Crawled caption data
┌──
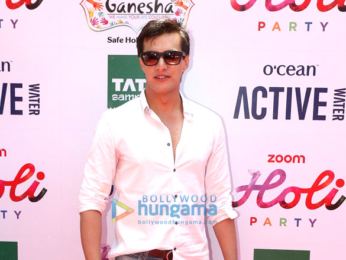 Varun Dhawan & Alia Bhatt grace the Zoom Holi party 2017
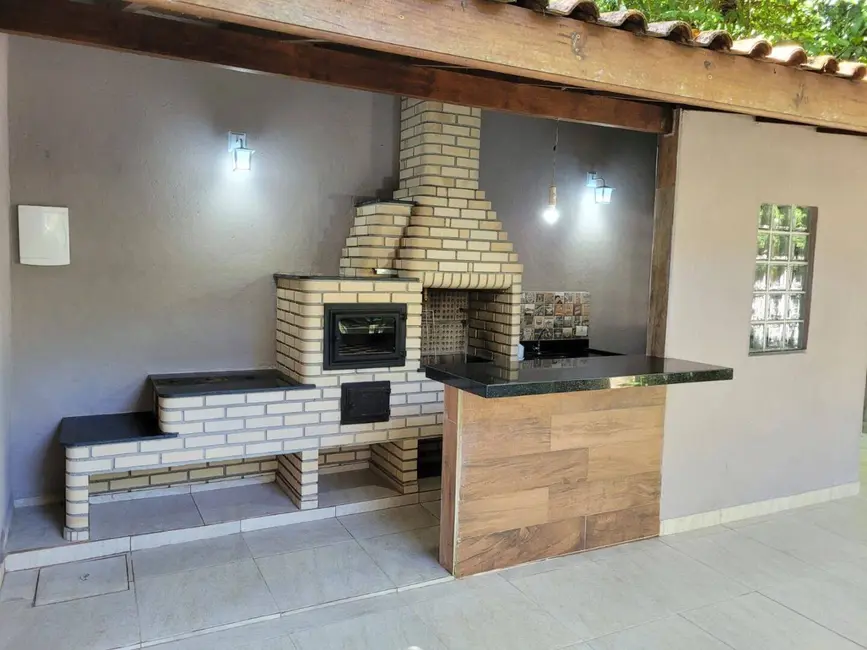 Foto 4 de Sobrado com 3 quartos à venda, 200m2 em Sao Sebastiao - SP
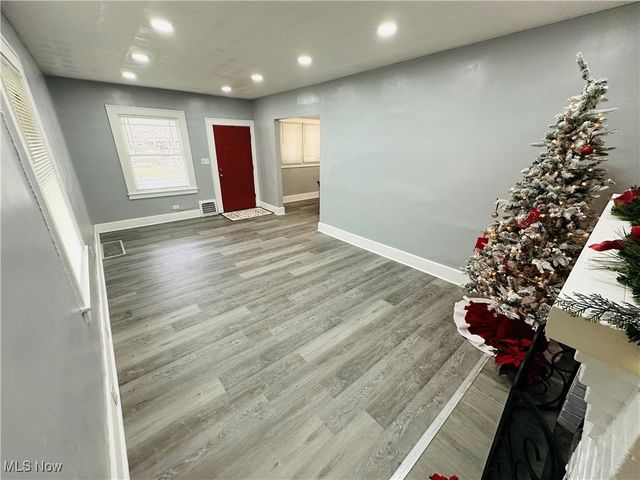 937 W Indianola Avenue, Youngstown, OH 44511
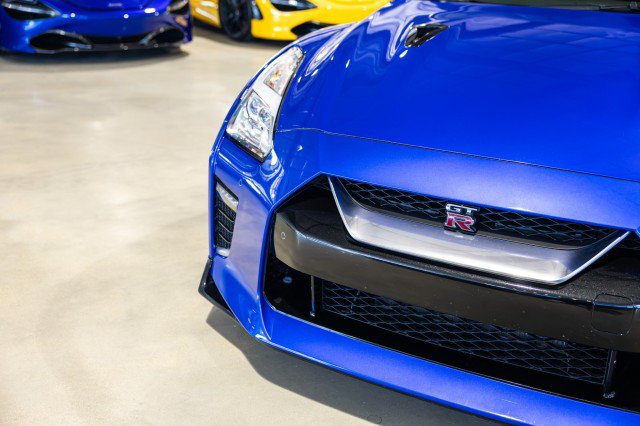 Used 2021 Nissan GT-R Premium AWD/4WD image 11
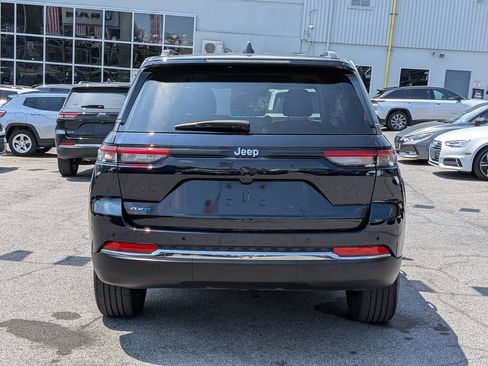 Used 2023 Jeep Grand Cherokee 4WD 4xe image 7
└──
All lines from the one containing "Used 2021 Nissan" through the end of the data are to be written out exactly, with nothing added; skip the pictures.

 Used 2021 Nissan GT-R Premium AWD/4WD image 11
 Used 2023 Jeep Grand Cherokee 4WD 4xe image 7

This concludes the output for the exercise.